NEW YORK, Aug. 28 /PRNewswire-FirstCall/ -- Paramount Acquisition Corp. (“Paramount”), a special purpose acquisition company, and BioValve Technologies, Inc. (“BioValve”), a privately-held innovator in life sciences, announced that they have entered into a definitive agreement whereby Paramount will acquire a majority interest in Valeritas, LLC (“Valeritas”), the recently-formed medical technologies subsidiary of BioValve. Upon completion of the transaction expected by the end of 2006 following Paramount shareholder approval, Paramount will own approximately 58% of Valeritas, LLC. At closing, Paramount will change its name to Valeritas, Inc. and seek to be listed on Nasdaq.

Valeritas, a wholly-owned subsidiary of BioValve, was recently formed through BioValve’s contribution of medical technology assets, and Valeritas’ assumption of liabilities related to those assets. Valeritas will focus on developing and commercializing these medical technologies for the treatment of diabetes and other acute and chronic diseases. Valeritas’ medical technology portfolio is headlined by h-Patch(TM), a single-use, simple-to-use, daily disposable basal-bolus delivery system intended to provide intensive insulin management for patients who would benefit from more rigorous therapy throughout the day. h-Patch’s(TM) combined delivery of continuous basal insulin and patient-controlled bolus dosing at mealtimes is intended to effect a more reliable and precise administration of insulin previously available only through expensive and more complicated catheter-based electronic pumps. Aimed at enhancing patients’ compliance and glycemic control, the h-Patch(TM) is easy to use and is the smallest known FDA-cleared insulin delivery system with basal-bolus capability and no visible needle. The device recently received FDA 510(k) clearance, and Phase IV clinical trials are planned to support broad marketing and reimbursement claims.
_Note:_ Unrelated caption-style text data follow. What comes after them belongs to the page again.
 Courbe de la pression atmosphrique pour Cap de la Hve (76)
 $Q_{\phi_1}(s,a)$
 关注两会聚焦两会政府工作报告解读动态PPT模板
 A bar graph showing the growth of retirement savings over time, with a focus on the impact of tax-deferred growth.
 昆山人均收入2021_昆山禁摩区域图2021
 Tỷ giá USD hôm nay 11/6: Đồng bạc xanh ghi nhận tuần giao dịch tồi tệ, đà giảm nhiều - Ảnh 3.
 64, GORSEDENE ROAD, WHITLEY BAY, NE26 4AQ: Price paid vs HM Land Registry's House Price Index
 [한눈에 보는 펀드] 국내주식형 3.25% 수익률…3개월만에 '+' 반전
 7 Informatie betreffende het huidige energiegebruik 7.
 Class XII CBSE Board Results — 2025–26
“Paramount’s financial resources will allow us to rapidly expand our manufacturing facilities and grow our marketing and sales capabilities so that we can commercially launch our h-Patch(TM) product in the second half of 2007. We expect to gain momentum as we bring this simple, once-a-day treatment to market and then aggressively build our market share with a highly coordinated sales and marketing campaign,” said Robert R. Gonnelli, President and Chief Executive Officer of BioValve, and the company’s founder. “We intend to market h-Patch(TM) directly to endocrinologists, top-tier primary care physicians and long-term care facilities while continuing our discussions with potential global marketing partners to co-market h-Patch(TM) pre-filled with insulin on a worldwide basis. The h-Patch(TM) will allow healthcare providers to offer intensive Type I-like therapy to a much larger Type II patient population. As this breakthrough technology allows the company to build share in this large and growing market, we expect Valeritas to generate significant returns for investors over the long term.”

Mr. Gonnelli continued, “Equally important, this transaction will provide the foundation to continue our development of additional uses for the h- Patch(TM) system beyond diabetes. We fully anticipate that this novel delivery system will serve the unmet needs of numerous other major diseases with simplified treatments that improve patients’ quality of life.”
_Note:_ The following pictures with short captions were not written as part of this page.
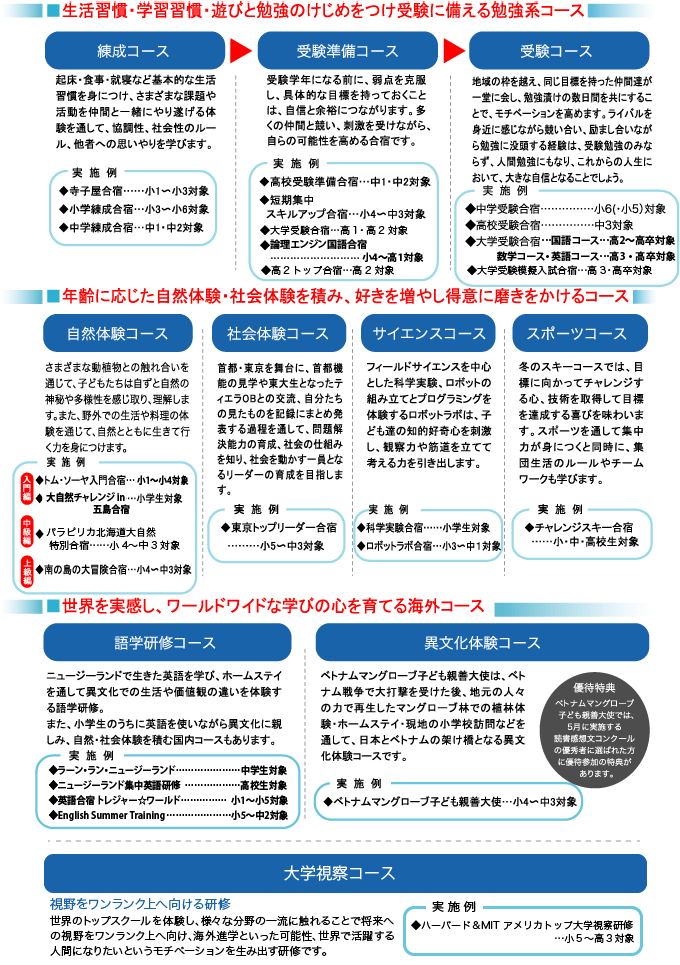 カリキュラム一覧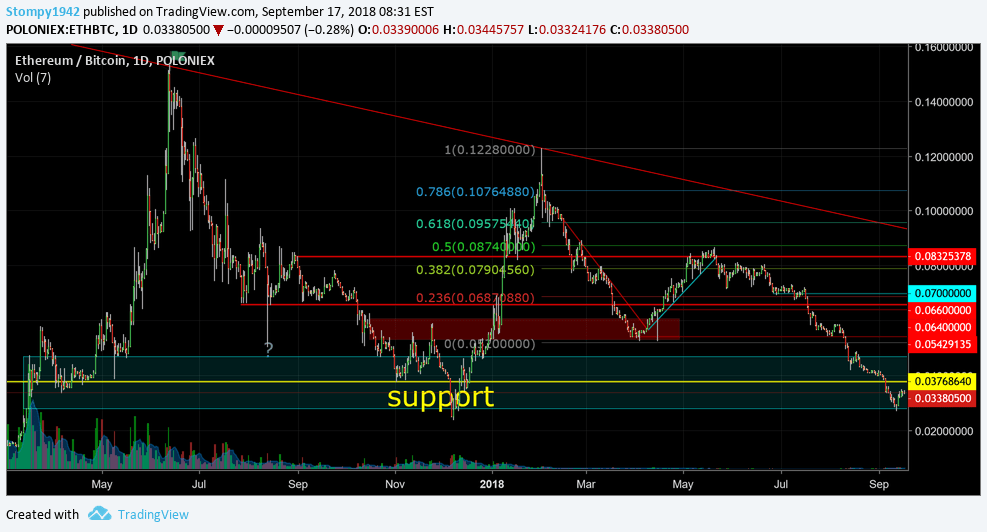 ETHBTC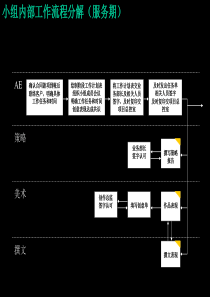 广告培训小组内部工作流程分解（服务期）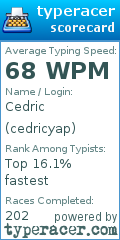 Scorecard for user cedricyap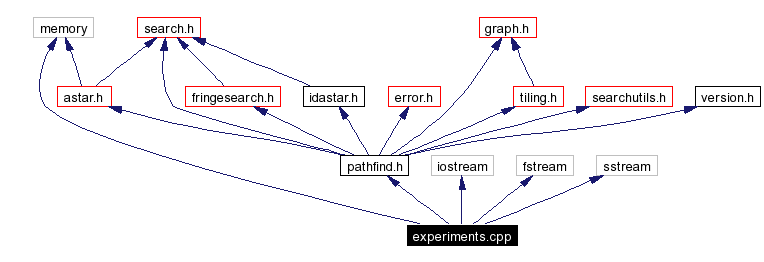 Include dependency graph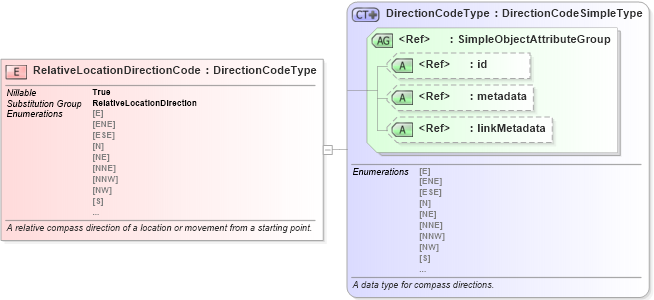 XSD Diagram of RelativeLocationDirectionCode in schema niem-core_xsd (National Information Exchange Model (NEIM))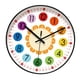 thumbnail image 4 of Reloj De Pared Para Niños, Reloj Artístico De Pared Para Sala De Estar, Cocina Interior, 10 Pulgadas, 4 of 5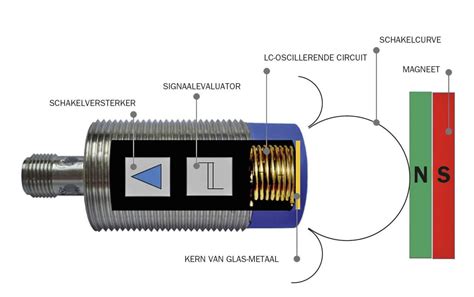 sensor werking uitleg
“As studies indicate, the global diabetes market is valued at $19 billion today and is expected to grow over the next five years at an annual rate of 12 percent,” said Lindsay A. Rosenwald, M.D., Chairman of Paramount Acquisition Corp. “We are confident that Valeritas -- with the h-Patch(TM) poised for commercialization and a well-capitalized balance sheet from this transaction - - can capture a share of this enormous market as it scales up manufacturing and builds out its sales and marketing organization.”

Dr. Rosenwald further explained, “While insulin pump manufacturers continue to add more and more features to their pumps, they are simply shifting market share within the comparatively small Type I market. To expand into the Type II population, the delivery device needs to be more discrete, affordable and easy to use. Valeritas’ simplified, less invasive and more convenient h-Patch(TM) technology does that. With Valeritas’ superior technology and management’s in-depth knowledge of the diabetes market, we see this as a win-win for all involved. We’re thrilled to take part in such a promising opportunity for patients and investors alike.”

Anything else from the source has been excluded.